Starting with the line that holds "Luxury Suite | Desk, free WiFi", reproduce each line through the last one of the data, exactly as written. Pictures are not copied.

Short descriptive text snippets:
════════
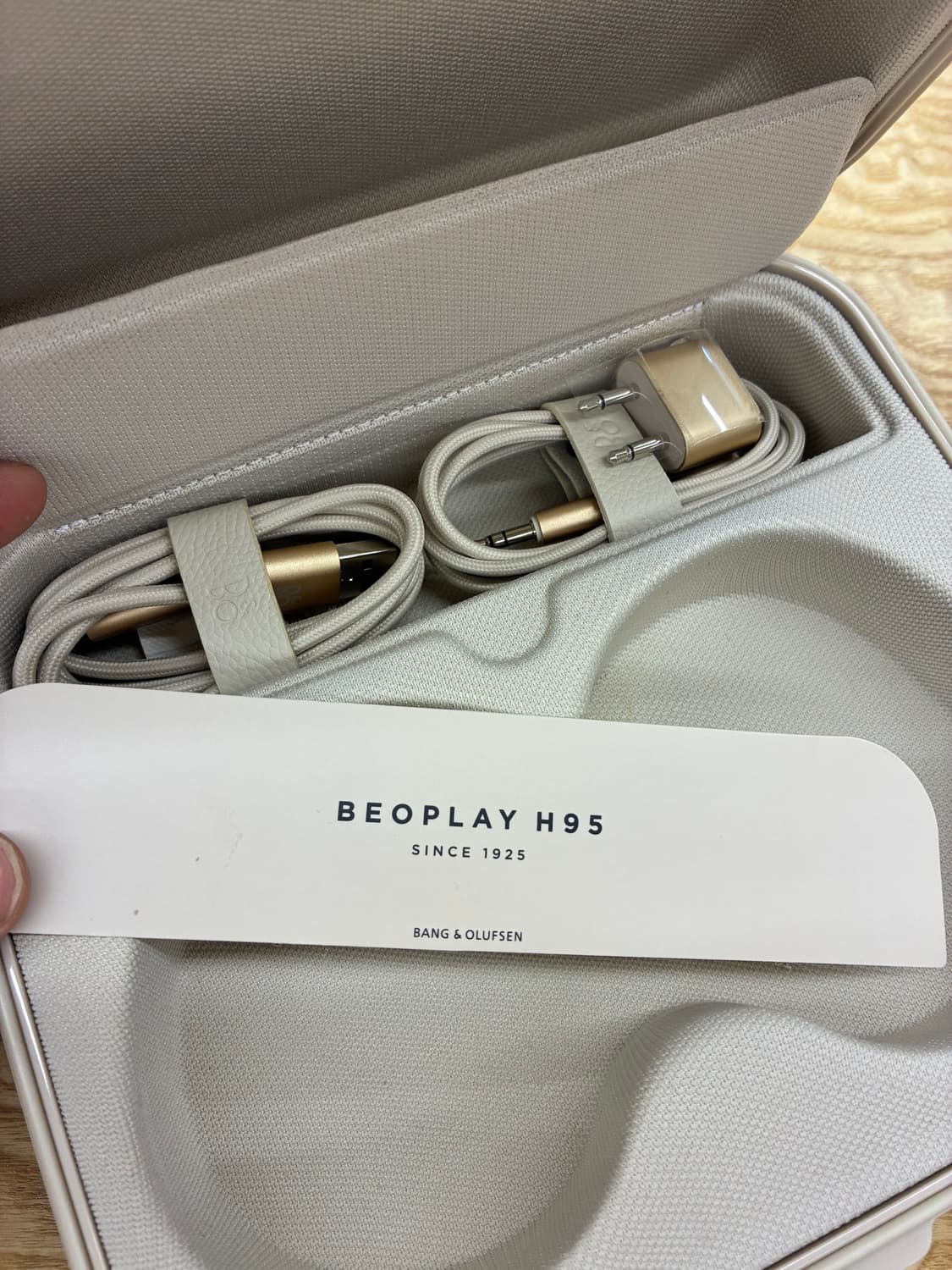 뱅엔울롭슨 h95 골드컬러 b&o 상품이미지5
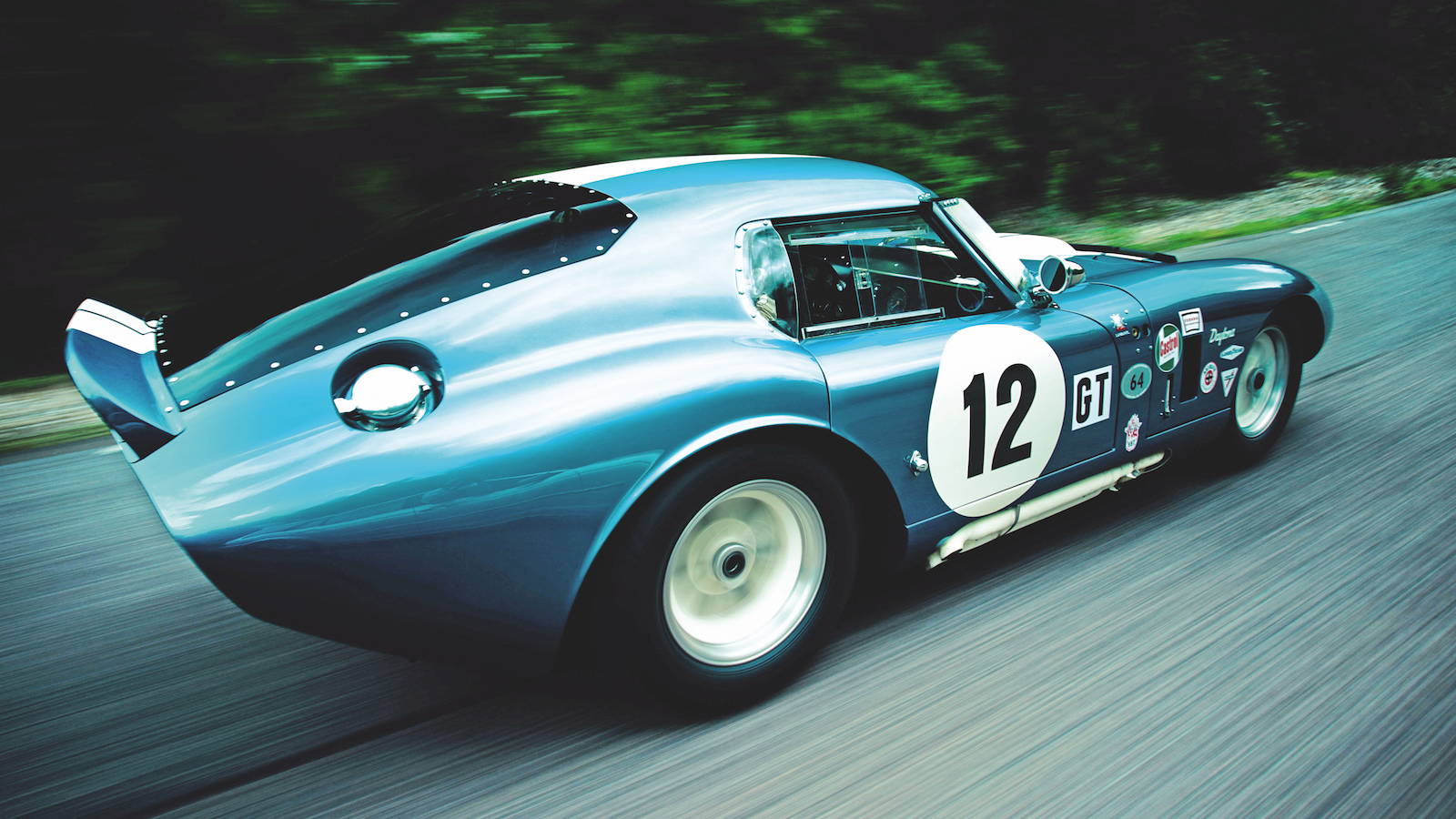 What it’s like to drive the Shelby Cobra Daytona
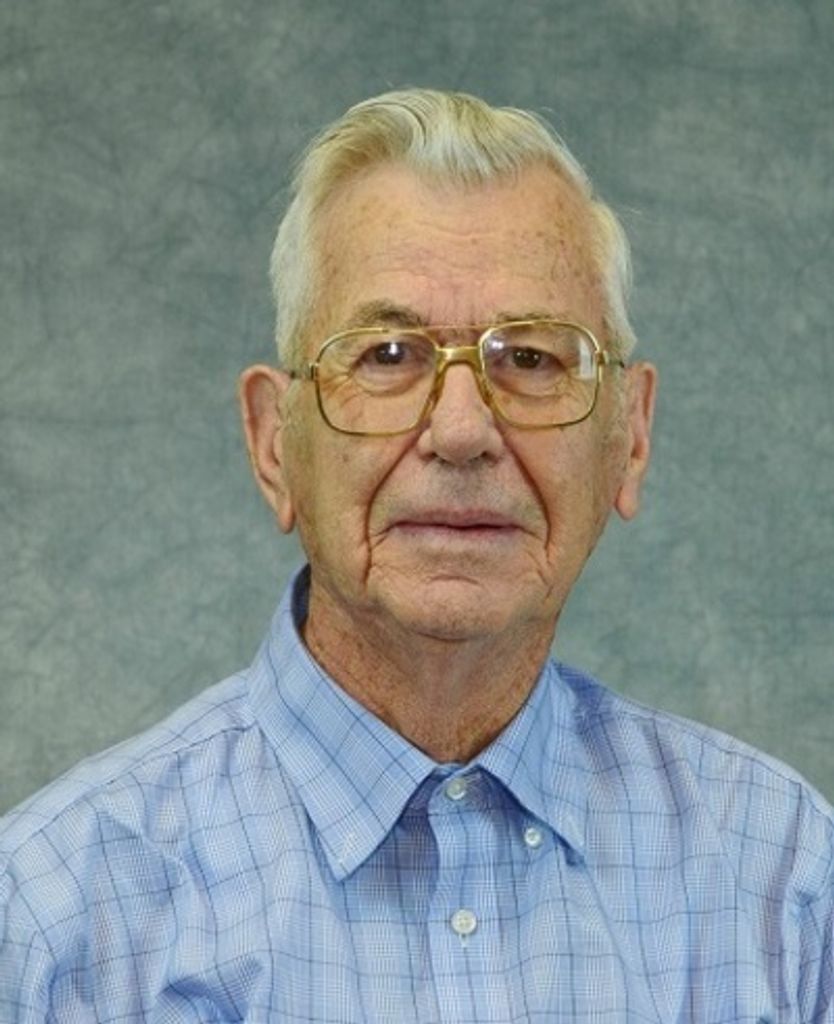 Clifford Franklin Kerwood Profile Photo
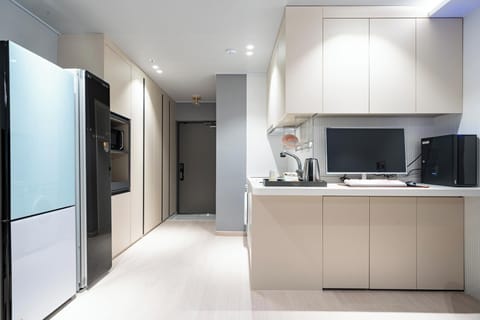 Luxury Suite | Desk, free WiFi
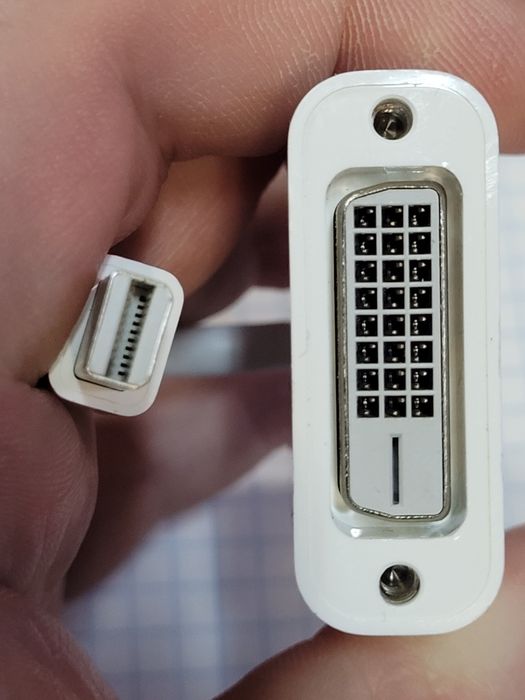 Перехідник APPLE A1305 mini Displayport to DVI ADAPTER
КОД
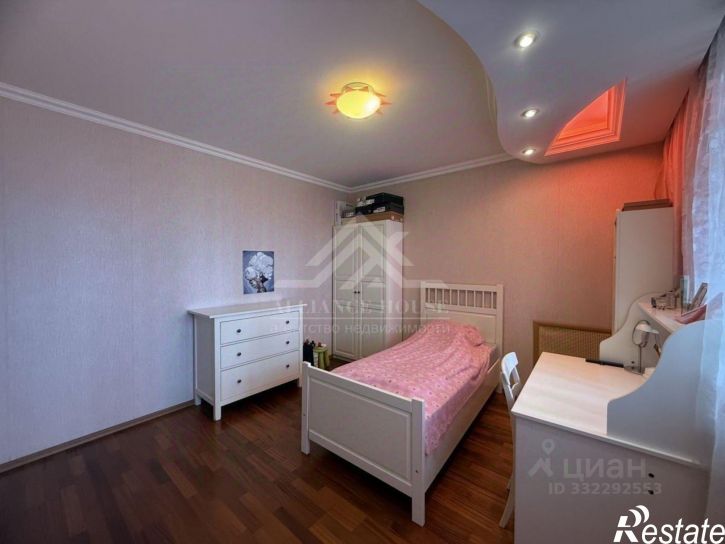 4-комн квартира ул Космонавтов, 39Б,  д. 39Б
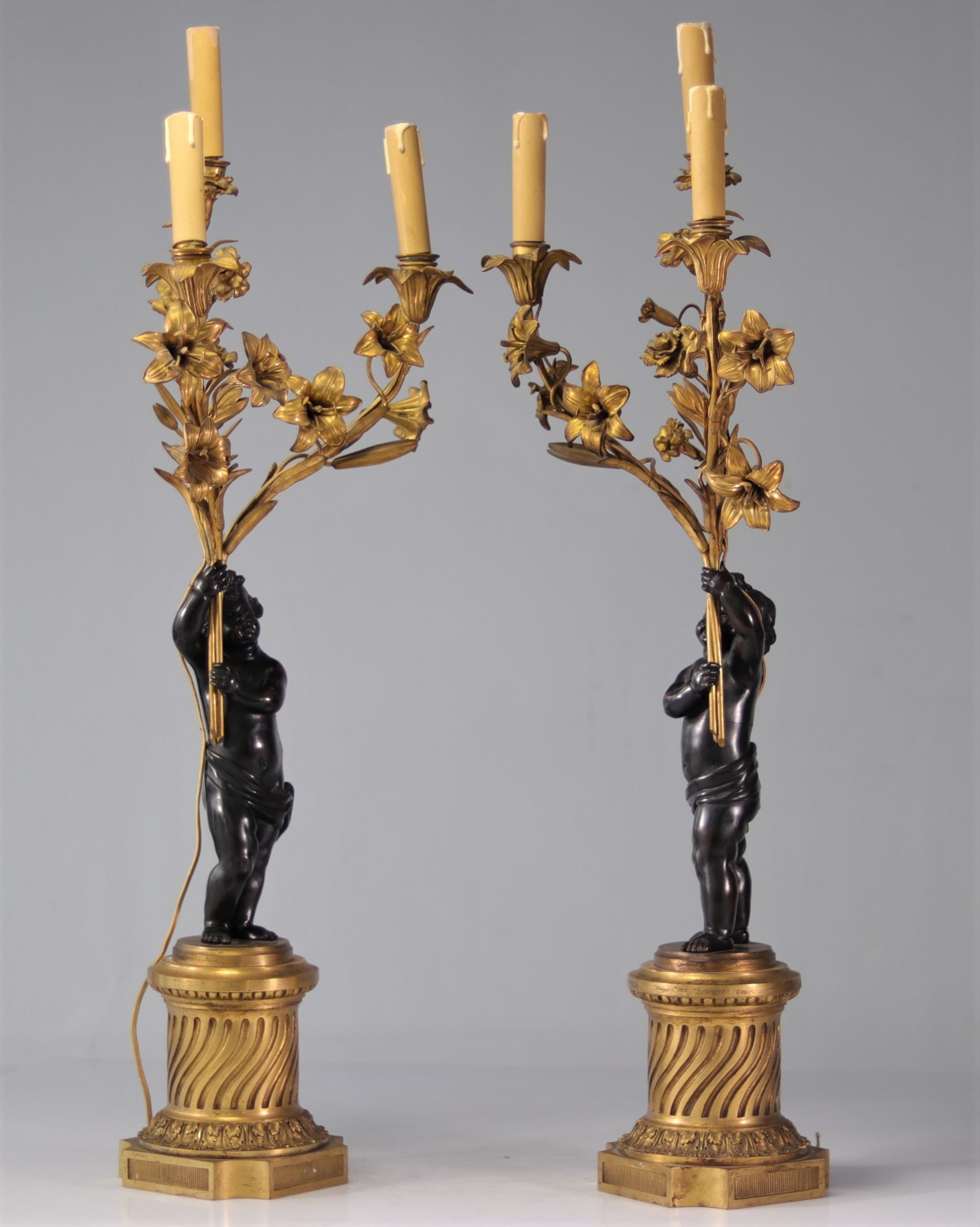 Imposing pair of bronze candelabras with two Louis XVI patinas - Image 2 of 6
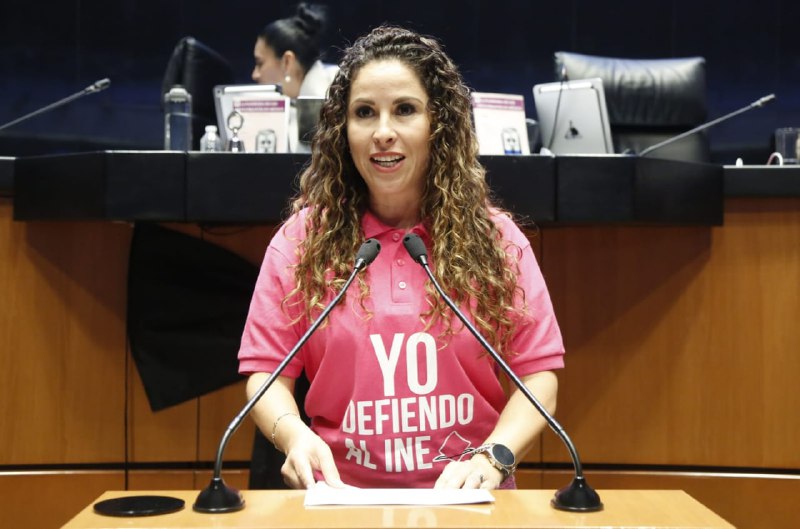  Senadora Estrella Rojas se pronuncia en contra de la aprobación del Plan B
════════
Response area:
 Luxury Suite | Desk, free WiFi
 Перехідник APPLE A1305 mini Displayport to DVI ADAPTER
КОД
 4-комн квартира ул Космонавтов, 39Б,  д. 39Б
 Imposing pair of bronze candelabras with two Louis XVI patinas - Image 2 of 6
  Senadora Estrella Rojas se pronuncia en contra de la aprobación del Plan B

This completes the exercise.